SigmaPM - Vaubadon
Tuesday, 8 May - 11.00–12.15 - 1 hour, 15 minutes
Summary: Getting your ducks in a row requires more than just putting some planks on either side; you need to have the right motivators and drivers in place. In this presentation we will get rid of the stick and look at selecting the right carrots for inspiring team performance. Learning objectives
| Report by:
Céline Maurel, PMP
France Sud Chapter
With a dynamic style combining humor with hard facts to stimulate discussion, Mark Gray states that motivating teams is not easy and that motivation efforts can be counter-productive.
1. Why motivating teams is not easy?
a. Very few people are natural leaders like Gandhi, Nelson Mandela, …
b. The leadership ability is inherent but needs to be developed to reach the full potential. Different theories give good guidance to develop leadership (Maxwell, Lencioni, Pink, …).

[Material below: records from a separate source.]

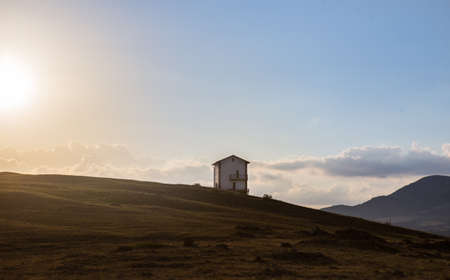 Lonely House on a Hill at Dawn in the Sunlightの写真素材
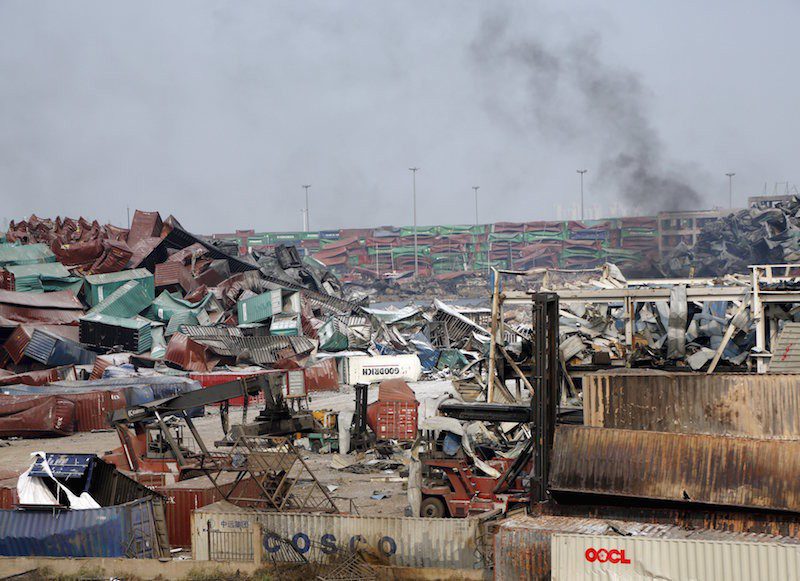 Smoke is seen near the site of last week's explosions at Binhai new district in Tianjin, China, August 17, 2015. REUTERS/Kim Kyung-Hoon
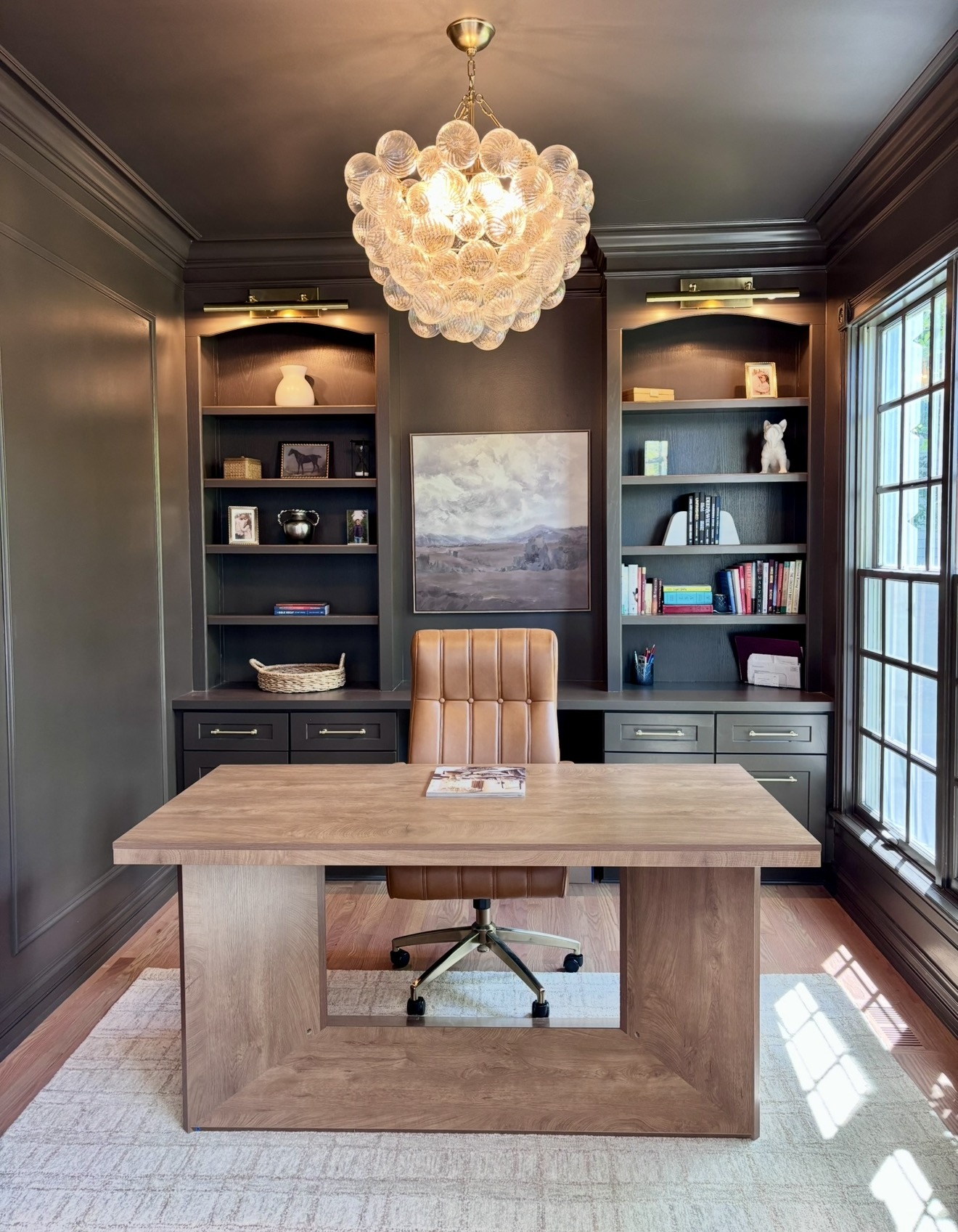 Home office with dark green built-ins and glass chandelier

c. Many PM have a technical background that gives them a logical mindset and management trainings focus on methods to analyze and maintain the baselines. So they are often ill to really inspire their teams to meet or exceed expectations.
2. Motivation efforts can be counter-productive!
a. Motivating by setting performance objectives is not always efficient: if the given objectives are too fuzzy or unreachable, SMART objectives become DUMB (Diffuse, Unmeasurable, Meaningless and Boring).
b. Money can decrease performance: studies showed that offering large bonuses to perform intellectual or creative tasks lead to worse results than expected.
So we need to find the right button to motivate!
Mark Gray develops the standard motivational theories where you should reward the behavior you want and punish the one you don’t want (“Motivation 2.0” by Daniel Pink).
Setting realistic targets improves motivation and focusing the team on the final goals increase the ability to work together to achieve the goals. Even more, reward visibly the achievements reinforce the positive behavior and encourage other team members to strive to the same level of achievement. But reward should be carefully managed because paying someone to perform a task they were happy to perform anyway will transform this task into “work” thus reducing their personal motivation.
So what PM can do to motivate their teams?
Mark Gray states that motivation is an ongoing factor, that stress is demotivating and that a space of freedom once a week can increase synergy, creativity and motivation in a company.
Mark thinks we should get salary and benefits out of the picture and focus on using or supporting the intrinsic motivation of each team member (“Motivation 3.0” by Daniel Pink”). To make it happen, standard performance tools like performance reviews, varied metrics and modest rewards as well as trying to add some fun are efficient motivation techniques to explore.